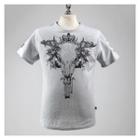 Round-neck Short-sleeve Bull Print Slim-fit T-shirt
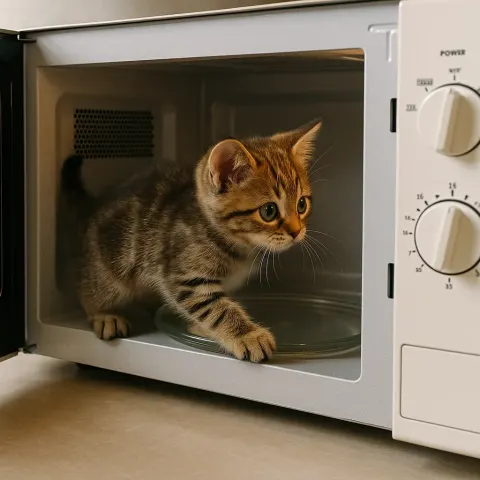 Curious Kitten Playfully Investigates the Microwave
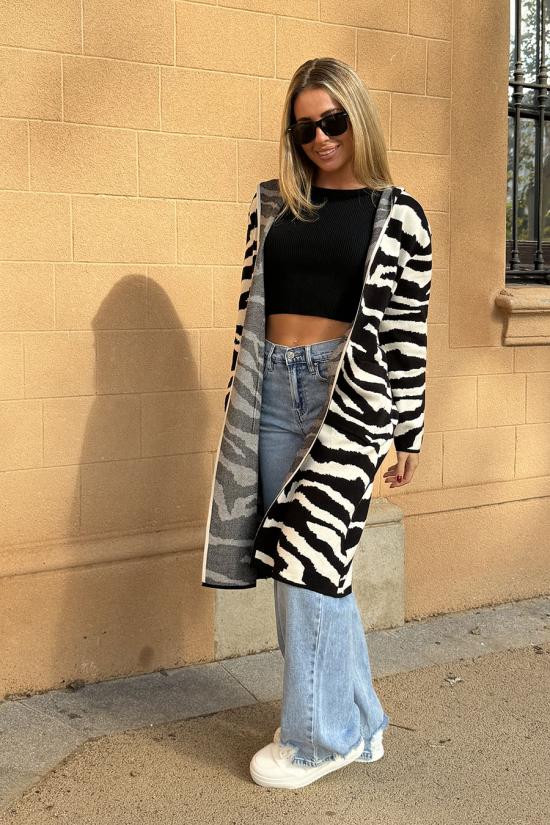 Long zebra print jacket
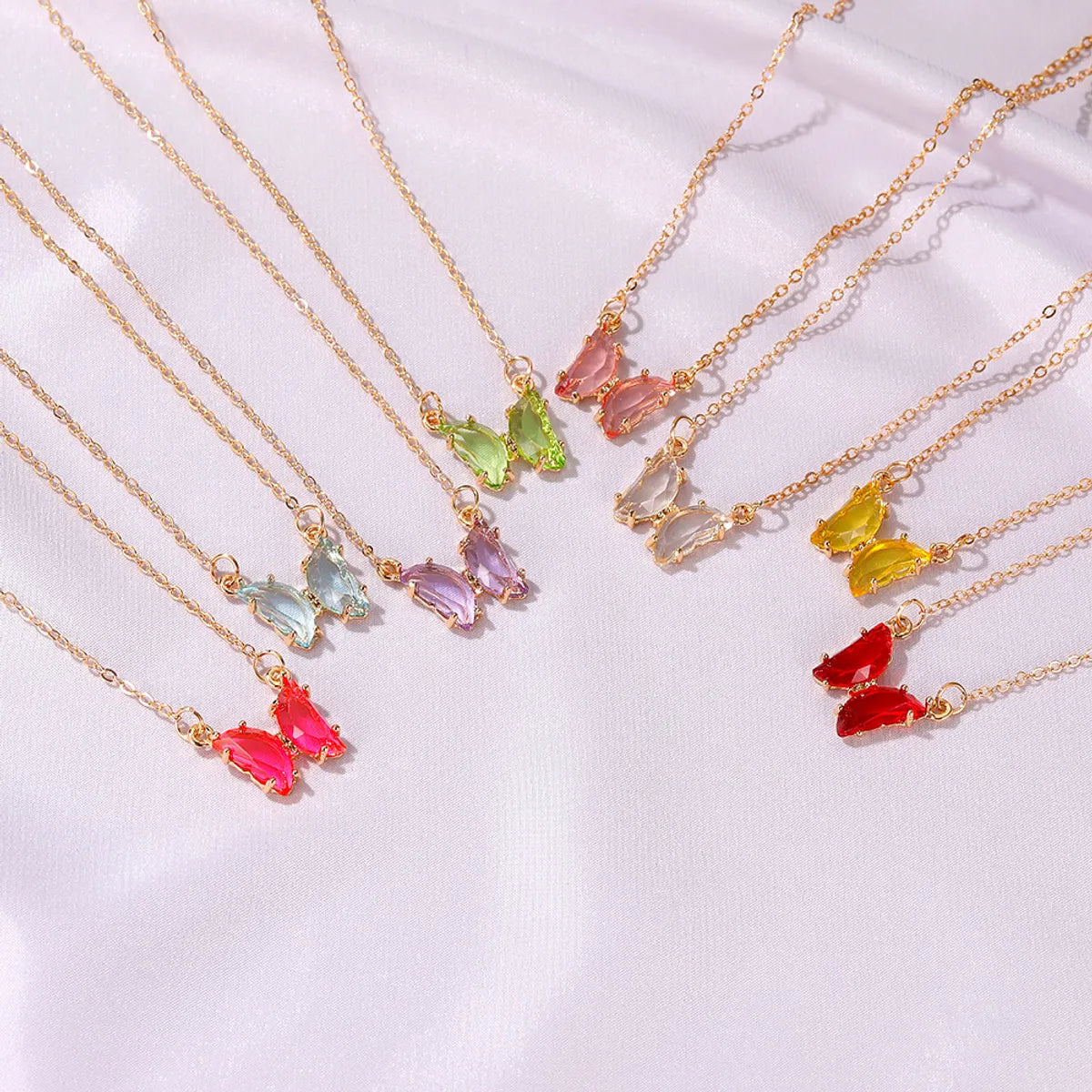 Women’s initial necklaces-Simple Style Butterfly Artificial Crystal Alloy Plating Women's Necklace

☆ ☆ ☆ ☆

Would you return all of the data above word for word, omitting every picture?

• [Result for this exercise]
 Round-neck Short-sleeve Bull Print Slim-fit T-shirt
 Curious Kitten Playfully Investigates the Microwave
 Long zebra print jacket
 Women’s initial necklaces-Simple Style Butterfly Artificial Crystal Alloy Plating Women's Necklace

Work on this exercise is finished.